About Va, pensiero (Chorus of the Hebrew Slaves)
"Va, pensiero", also known in English as the "Chorus of the Hebrew Slaves", is a chorus from the third act of the opera Nabucco (1842) by Giuseppe Verdi, with a libretto by Temistocle Solera, inspired by Psalm 137. It recollects the story of Jewish exiles in Babylon after the loss of the First Temple in Jerusalem. The opera with its powerful chorus established Verdi as a major composer in 19th-century Italy.
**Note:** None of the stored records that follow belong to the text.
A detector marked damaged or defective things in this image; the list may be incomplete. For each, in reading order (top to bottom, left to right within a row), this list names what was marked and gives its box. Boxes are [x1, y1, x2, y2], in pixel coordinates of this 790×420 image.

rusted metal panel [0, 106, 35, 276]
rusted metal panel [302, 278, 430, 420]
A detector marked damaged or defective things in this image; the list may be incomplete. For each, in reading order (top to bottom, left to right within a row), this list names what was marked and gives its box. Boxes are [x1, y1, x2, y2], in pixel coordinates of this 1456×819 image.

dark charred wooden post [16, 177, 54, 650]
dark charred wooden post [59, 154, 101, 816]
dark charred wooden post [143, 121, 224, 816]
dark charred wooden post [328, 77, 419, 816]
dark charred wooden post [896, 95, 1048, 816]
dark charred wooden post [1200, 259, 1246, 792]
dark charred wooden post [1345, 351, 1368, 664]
Verdi composed Nabucco at a difficult moment in his life. His wife and small children had all just died. He had contracted with La Scala to write another opera and the director forced the libretto into his hands. Returning home, Verdi happened to open the libretto at "Va, pensiero" and seeing the phrase, he heard the words singing. At first rehearsal "the stagehands shouted their approval, then beat on the floor and the sets with their tools to create an even noisier demonstration". As he was subsequently to note, Verdi felt that "this is the opera with which my artistic career really begins. And though I had many difficulties to fight against, it is certain that Nabucco was born under a lucky star".
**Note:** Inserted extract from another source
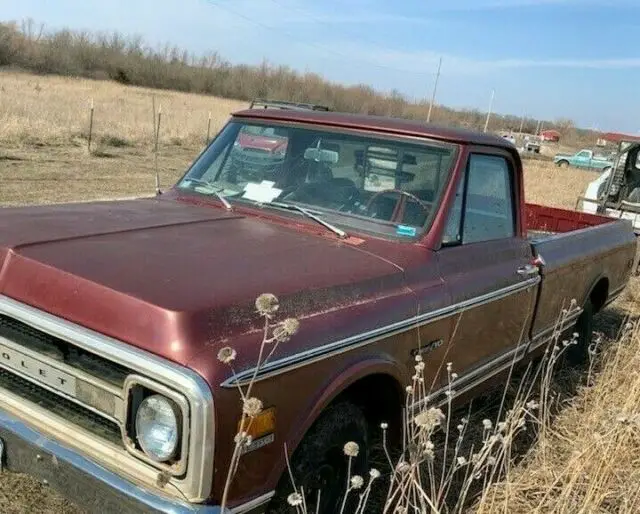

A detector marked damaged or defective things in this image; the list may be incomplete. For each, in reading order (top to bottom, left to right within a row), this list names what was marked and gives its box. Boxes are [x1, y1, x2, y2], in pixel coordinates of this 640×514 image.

cracked windshield [176, 122, 456, 238] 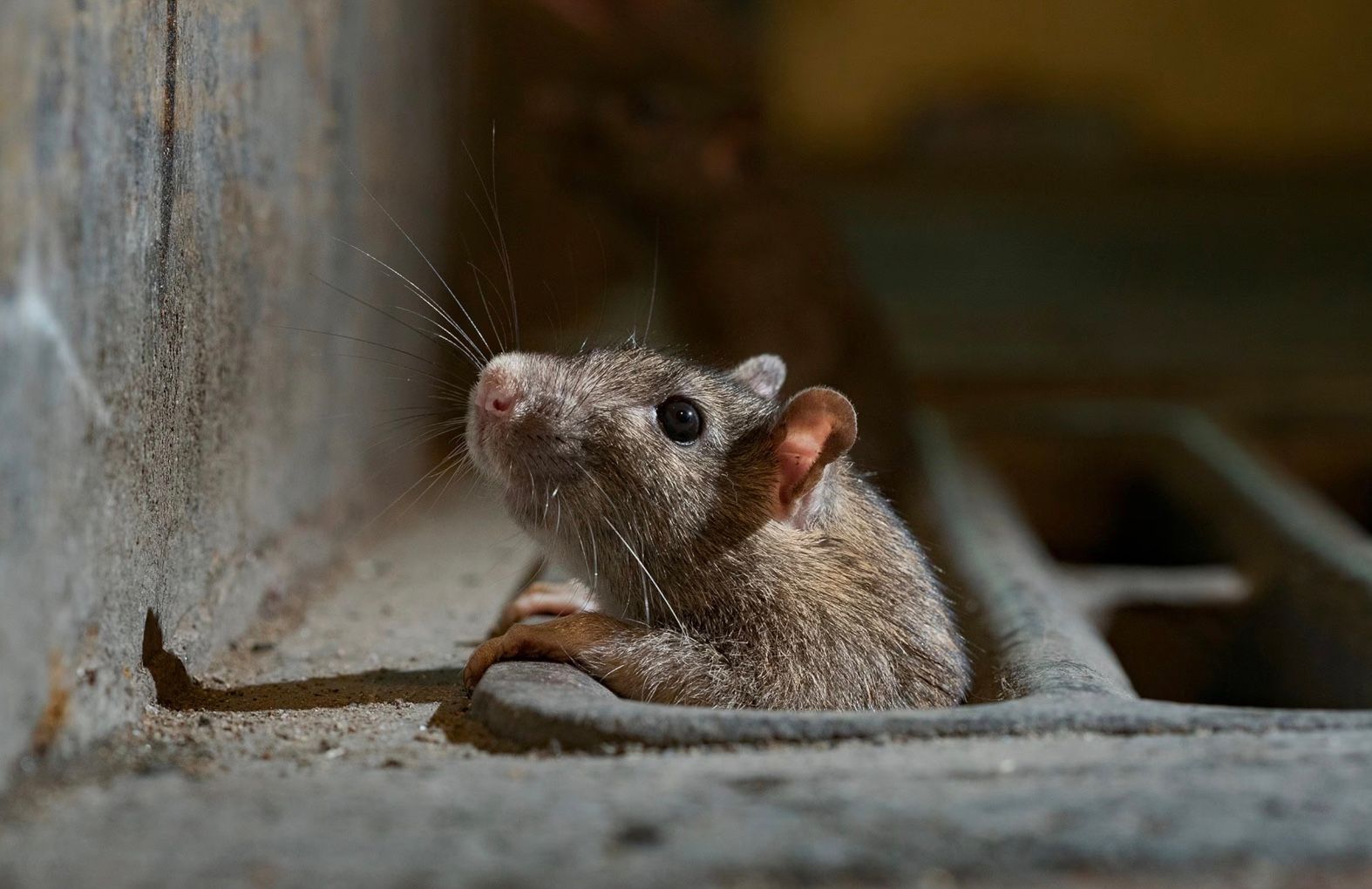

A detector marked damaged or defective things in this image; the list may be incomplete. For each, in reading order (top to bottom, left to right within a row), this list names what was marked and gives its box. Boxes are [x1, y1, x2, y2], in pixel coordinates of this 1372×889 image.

rusty metal rail [469, 405, 1372, 746]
Upon Verdi's death, along his funeral's cortege in the streets of Milan, bystanders started spontaneous choruses of "Va, pensiero…" A month later, when he was reinterred alongside his wife at the 'Casa di Riposo', a young Arturo Toscanini conducted a choir of eight hundred in the famous hymn.
Fly, thought, on wings of gold;
go settle upon the slopes and the hills,
where, soft and mild, the sweet airs
of our native land smell fragrant!
Greet the banks of the Jordan
and Zion's toppled towers...
Oh, my country, so beautiful and lost!
Oh, remembrance, so dear and so fatal!
Golden harp of the prophetic seers,
why dost thou hang mute upon the willow?
Rekindle our bosom's memories,
and speak to us of times gone by!
Mindful of the fate of Jerusalem,
give forth a sound of crude lamentation,
or may the Lord inspire you a harmony of voices
which may instill virtue to suffering.